Rating: ★★★★
Venue: Assembly Rooms – Music Hall
Simon Callow’s latest one man show to hit the Edinburgh Fringe Festival is a reading of De Profundis – Irish playwright Oscar Wilde’s searing letter to lover and companion Lord Alfred ‘Bosie’ Douglas. Callow passionately conveys Wilde’s deep-rooted attached to Bosie and reflects on how this affected his life, leading up to his two year imprisonment for gross indecency.
De Profundis, one of Wilde’s final works, was penned during the last month of the author’s imprisonment and explores the run-up to this prison sentence with ferocious wit, sentiment and anger. Interestingly, Wilde was not permitted to send this letter in his incarceration – making the riled sentiment all the more frustrating and passionate. Upon his release, Wilde and Bosie would be reunited in Naples, before parting when Wilde went to Paris – where he’d ultimately die penniless and in exile.

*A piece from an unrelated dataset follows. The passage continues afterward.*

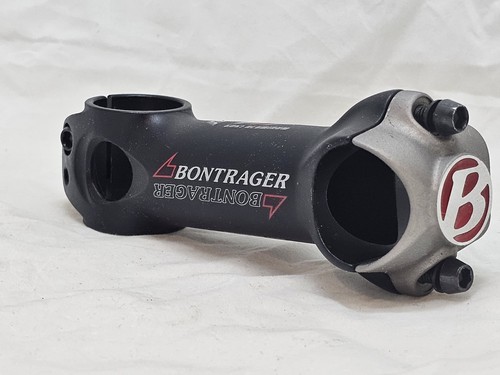 Bontrager race lite stem 110mm - bontrager,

Callow is a tremendous orator and with a simply lit stage – with a chair as its only prop, the actor is a commanding presence when channelling Wilde’s words of anger, heartache and passion. After all, it was Bosie’s father’s influence that saw the playwright arrested whilst his young muse did little to intervene – Callow taps into this complex bittersweet emotion that was obviously felt. Wilde’s writing conveys much about human nature and Callow makes a magnificent vessel for this poignant prose. Praise should go to the actor’s ability to commit ninety minutes of fast-paced vocabulary and language to memory. No mean feat.
With Callow’s excellent take on De Profundis and Rupert Everett’s sublime cinematic account of Wilde’s last years, The Happy Prince, this has been a stellar year for fans of The Picture of Dorian Gray author. De Profundis is theatre at its most sharp, intelligent and masterfully performed.